Our neighbours, the Baileys, were away at their holiday villa in
Spain. I’d been in their house on a couple of occasions before but
never by myself and I decided that was going to change. After a
quick recce, I flicked back the snap lock on their back door with
one of my parents’ cheque guarantee cards, then spent around an
hour familiarising myself with their dead-bolt. It snuck back,
eventually, as something inside me had known it would, and after
that I had only to turn the handle and walk inside.

Inside to a place that made me feel two hundred feet tall – a
space where I made my own rules. I went to their bedroom first,
naturally, since I was of an age where bedroom cabinets usually
delivered some kind of titillation.

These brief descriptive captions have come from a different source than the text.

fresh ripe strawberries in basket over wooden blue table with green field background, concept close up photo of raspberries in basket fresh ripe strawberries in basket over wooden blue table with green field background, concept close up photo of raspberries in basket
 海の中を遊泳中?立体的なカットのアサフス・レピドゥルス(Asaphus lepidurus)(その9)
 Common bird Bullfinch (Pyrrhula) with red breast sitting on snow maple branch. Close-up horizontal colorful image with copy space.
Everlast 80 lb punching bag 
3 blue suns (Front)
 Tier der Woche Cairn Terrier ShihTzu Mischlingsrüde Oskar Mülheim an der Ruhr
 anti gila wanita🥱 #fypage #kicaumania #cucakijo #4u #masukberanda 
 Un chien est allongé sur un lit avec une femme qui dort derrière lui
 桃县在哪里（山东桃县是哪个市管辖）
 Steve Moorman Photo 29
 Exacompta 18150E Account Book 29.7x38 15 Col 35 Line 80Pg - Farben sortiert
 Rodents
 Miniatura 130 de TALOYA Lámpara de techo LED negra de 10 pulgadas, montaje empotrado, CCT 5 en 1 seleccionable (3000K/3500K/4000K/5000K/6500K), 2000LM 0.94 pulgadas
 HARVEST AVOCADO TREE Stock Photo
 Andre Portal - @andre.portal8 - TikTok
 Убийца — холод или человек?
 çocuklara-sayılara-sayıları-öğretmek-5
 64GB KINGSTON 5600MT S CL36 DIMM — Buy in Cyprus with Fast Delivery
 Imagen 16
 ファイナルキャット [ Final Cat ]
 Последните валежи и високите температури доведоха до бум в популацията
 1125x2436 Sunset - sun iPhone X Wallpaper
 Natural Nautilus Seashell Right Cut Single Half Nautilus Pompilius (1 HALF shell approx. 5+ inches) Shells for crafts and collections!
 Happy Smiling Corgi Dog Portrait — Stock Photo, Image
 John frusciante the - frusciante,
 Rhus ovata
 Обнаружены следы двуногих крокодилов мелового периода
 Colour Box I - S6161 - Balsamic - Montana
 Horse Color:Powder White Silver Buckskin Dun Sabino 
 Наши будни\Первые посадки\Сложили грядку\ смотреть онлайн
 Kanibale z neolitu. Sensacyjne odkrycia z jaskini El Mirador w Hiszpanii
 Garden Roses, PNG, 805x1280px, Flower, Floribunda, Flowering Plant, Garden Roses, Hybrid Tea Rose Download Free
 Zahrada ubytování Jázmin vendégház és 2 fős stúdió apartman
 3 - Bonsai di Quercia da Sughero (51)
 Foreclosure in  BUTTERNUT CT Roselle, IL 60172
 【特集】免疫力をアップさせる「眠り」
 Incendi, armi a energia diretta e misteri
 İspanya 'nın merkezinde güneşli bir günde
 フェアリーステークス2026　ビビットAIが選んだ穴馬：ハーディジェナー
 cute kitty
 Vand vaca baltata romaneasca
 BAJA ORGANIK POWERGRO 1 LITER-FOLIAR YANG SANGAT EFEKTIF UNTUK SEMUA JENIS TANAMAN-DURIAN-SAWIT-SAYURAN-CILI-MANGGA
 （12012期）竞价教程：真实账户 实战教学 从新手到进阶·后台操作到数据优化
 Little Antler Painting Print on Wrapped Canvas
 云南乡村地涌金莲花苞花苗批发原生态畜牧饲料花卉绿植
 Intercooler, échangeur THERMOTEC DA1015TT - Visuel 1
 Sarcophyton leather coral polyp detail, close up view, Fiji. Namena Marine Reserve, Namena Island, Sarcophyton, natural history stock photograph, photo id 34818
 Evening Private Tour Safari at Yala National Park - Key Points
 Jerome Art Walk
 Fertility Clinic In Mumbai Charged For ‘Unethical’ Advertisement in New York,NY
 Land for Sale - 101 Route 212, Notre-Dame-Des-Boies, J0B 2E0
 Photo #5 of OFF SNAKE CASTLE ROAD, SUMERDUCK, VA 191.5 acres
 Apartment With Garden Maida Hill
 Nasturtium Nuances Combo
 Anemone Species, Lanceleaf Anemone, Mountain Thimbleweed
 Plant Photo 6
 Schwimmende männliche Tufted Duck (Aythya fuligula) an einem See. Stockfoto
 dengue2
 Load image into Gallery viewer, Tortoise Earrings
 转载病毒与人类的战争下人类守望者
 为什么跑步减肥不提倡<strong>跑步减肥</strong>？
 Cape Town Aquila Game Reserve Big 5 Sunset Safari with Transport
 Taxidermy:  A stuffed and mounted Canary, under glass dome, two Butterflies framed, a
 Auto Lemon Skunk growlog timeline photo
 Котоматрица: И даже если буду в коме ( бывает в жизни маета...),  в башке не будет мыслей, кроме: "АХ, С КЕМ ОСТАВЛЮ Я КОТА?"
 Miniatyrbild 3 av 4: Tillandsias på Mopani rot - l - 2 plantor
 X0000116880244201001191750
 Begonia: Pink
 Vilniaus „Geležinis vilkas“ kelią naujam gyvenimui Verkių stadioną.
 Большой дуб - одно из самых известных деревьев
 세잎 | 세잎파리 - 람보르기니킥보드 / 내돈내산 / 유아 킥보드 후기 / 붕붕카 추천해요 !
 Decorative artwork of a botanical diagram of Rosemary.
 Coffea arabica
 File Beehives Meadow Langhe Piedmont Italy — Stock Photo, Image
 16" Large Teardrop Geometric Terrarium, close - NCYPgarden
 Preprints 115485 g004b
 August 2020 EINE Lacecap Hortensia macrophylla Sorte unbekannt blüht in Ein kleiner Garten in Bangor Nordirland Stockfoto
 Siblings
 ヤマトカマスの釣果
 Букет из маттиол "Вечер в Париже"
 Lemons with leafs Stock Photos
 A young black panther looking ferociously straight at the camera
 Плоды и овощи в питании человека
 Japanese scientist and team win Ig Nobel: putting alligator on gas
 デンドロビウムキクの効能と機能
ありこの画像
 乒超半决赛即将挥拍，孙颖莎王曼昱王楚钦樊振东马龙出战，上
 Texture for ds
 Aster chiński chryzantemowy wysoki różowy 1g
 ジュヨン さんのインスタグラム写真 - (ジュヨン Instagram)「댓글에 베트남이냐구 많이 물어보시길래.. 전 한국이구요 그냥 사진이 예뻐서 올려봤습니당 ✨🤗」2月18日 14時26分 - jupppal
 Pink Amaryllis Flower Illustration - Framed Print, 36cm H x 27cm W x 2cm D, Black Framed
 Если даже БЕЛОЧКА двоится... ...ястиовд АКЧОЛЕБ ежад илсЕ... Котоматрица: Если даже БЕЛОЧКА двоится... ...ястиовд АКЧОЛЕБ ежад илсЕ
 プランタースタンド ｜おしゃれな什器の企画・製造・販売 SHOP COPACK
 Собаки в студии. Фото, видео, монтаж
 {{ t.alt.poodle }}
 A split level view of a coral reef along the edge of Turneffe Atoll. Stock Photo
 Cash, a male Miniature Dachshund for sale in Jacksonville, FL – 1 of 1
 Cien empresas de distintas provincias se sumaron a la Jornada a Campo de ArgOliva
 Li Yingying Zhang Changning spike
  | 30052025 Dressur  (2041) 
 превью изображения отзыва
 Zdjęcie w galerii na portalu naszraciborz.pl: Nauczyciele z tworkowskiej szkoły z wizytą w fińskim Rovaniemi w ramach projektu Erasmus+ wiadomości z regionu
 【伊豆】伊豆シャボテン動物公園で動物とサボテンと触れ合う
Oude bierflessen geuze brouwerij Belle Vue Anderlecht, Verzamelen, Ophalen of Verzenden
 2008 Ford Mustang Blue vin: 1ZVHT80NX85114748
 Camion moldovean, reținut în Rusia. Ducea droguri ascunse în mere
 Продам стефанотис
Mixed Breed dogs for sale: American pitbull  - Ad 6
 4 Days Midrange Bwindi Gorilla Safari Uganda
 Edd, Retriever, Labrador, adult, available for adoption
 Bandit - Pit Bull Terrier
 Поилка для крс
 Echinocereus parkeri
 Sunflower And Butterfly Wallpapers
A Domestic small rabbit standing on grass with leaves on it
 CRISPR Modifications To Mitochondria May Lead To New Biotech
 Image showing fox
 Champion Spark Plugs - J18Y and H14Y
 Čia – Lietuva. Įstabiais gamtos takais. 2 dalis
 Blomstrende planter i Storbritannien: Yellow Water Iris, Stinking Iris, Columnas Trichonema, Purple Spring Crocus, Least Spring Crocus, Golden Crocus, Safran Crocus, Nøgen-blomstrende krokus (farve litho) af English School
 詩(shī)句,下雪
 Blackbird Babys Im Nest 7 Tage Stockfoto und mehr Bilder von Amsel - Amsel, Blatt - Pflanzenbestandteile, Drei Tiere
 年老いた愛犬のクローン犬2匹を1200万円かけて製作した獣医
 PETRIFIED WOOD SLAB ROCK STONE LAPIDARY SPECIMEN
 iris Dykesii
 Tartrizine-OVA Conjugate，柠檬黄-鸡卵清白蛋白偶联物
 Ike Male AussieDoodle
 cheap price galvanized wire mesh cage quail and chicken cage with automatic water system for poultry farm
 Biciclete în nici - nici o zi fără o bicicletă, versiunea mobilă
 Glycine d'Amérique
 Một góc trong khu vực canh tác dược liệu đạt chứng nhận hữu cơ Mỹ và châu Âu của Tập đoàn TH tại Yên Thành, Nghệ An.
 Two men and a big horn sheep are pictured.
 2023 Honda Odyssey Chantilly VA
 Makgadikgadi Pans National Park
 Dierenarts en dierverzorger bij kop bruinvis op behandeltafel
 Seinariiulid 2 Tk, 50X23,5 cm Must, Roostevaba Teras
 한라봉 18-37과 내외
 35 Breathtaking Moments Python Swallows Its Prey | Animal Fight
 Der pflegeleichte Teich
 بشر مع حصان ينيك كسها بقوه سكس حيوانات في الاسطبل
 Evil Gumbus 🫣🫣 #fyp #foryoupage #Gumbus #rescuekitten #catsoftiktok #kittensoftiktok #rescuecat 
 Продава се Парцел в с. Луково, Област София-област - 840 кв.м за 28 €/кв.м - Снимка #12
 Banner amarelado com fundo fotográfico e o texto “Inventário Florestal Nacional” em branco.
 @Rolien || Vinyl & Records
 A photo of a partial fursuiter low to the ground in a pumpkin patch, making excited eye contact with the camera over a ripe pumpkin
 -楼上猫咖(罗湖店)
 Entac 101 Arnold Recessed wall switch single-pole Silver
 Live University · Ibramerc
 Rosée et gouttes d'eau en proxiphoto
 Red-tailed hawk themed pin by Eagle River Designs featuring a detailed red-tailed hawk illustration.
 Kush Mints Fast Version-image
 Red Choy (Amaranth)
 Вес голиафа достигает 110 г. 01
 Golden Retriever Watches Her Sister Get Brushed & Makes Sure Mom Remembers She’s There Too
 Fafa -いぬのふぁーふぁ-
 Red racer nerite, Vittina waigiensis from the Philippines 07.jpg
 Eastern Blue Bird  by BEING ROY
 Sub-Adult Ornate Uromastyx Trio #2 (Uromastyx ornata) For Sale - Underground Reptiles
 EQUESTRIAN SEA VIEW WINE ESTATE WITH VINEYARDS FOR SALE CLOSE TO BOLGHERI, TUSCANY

Those particular cabinets
didn’t disappoint. At the back of one of them was a large rubber
dildo, along with some lube. I examined the dildo for a while and
then I returned it and took a tour of the rest of the house – the
avocado bathroom suite, the chintzy spare bedrooms, Mr. Bailey’s
study, Mrs. Bailey’s exercise room, downstairs to the
kitchen-diner, the lounge and the cloakroom. Pretty soon, I found I
was hungry and returned to the kitchen to see if there was
something I could snack on. I stuck my hand in the biscuit tin and
discovered almost fifty pounds in cash. I put the money back,
helped myself to a packet of salt and vinegar crisps from a nearby
cupboard and then I left, re-engaging the snap lock behind me.

Over the following week or so I broke into a number of our
neighbours’ homes, always through the back door, where there was
often just a single snap lock that never tended to delay me. Few of
the homes held anything of special interest – just being inside
them was more than enough to give me the thrill I was after. But I
did get into the habit of always taking something to eat, even if I
wasn’t especially peckish, and on one or two occasions, when I
heard a noise out on the street and had to wait nervously for it to
pass, or when a fridge shuddered or a water pipe knocked, I found I
had an urge to find someplace to hide and, once, had to make
immediate use of the toilet facilities.

At nights, I replayed my adventures over in my mind, carrying
out an inventory of all the rooms and the possessions I’d seen, of
the locks I’d opened and the private places I’d accessed. Before
long, my thoughts turned back to that fifty pounds in the Baileys’
biscuit jar. It was just sat there, no use to anyone until the
Baileys returned from Spain, and if it was gone by the time they
got back, they might not even notice, might very well just assume
that they’d spent it before they left. I became convinced that had
to be right and so one Saturday morning not too long afterwards I
found myself flicking back the snap lock on their back door,
helping myself to another packet of salt and vinegar crisps and
pocketing the cash from the biscuit tin. This time, I primed both
locks when I left since I had no intention of returning, but
instead of going home, I walked a couple of streets away to the
nearest council estate. It took me a little while, walking along
the thin, litter-strewn back alleys, to find the kind of place I
was looking for, but once I had it, I knew it was just what I was
after. It was a small terraced property with rotting, single-glazed
windows and a scattering of children’s toys in the muddy back yard.
I let myself in through the rear gate and peered through the
unwashed glass of the patio door. There were no lights on inside
and no signs of life. I pulled my burglar tools out of my pocket
and probed at the by-now simple cylinder lock. The bolt snapped
back in no time at all and I walked inside.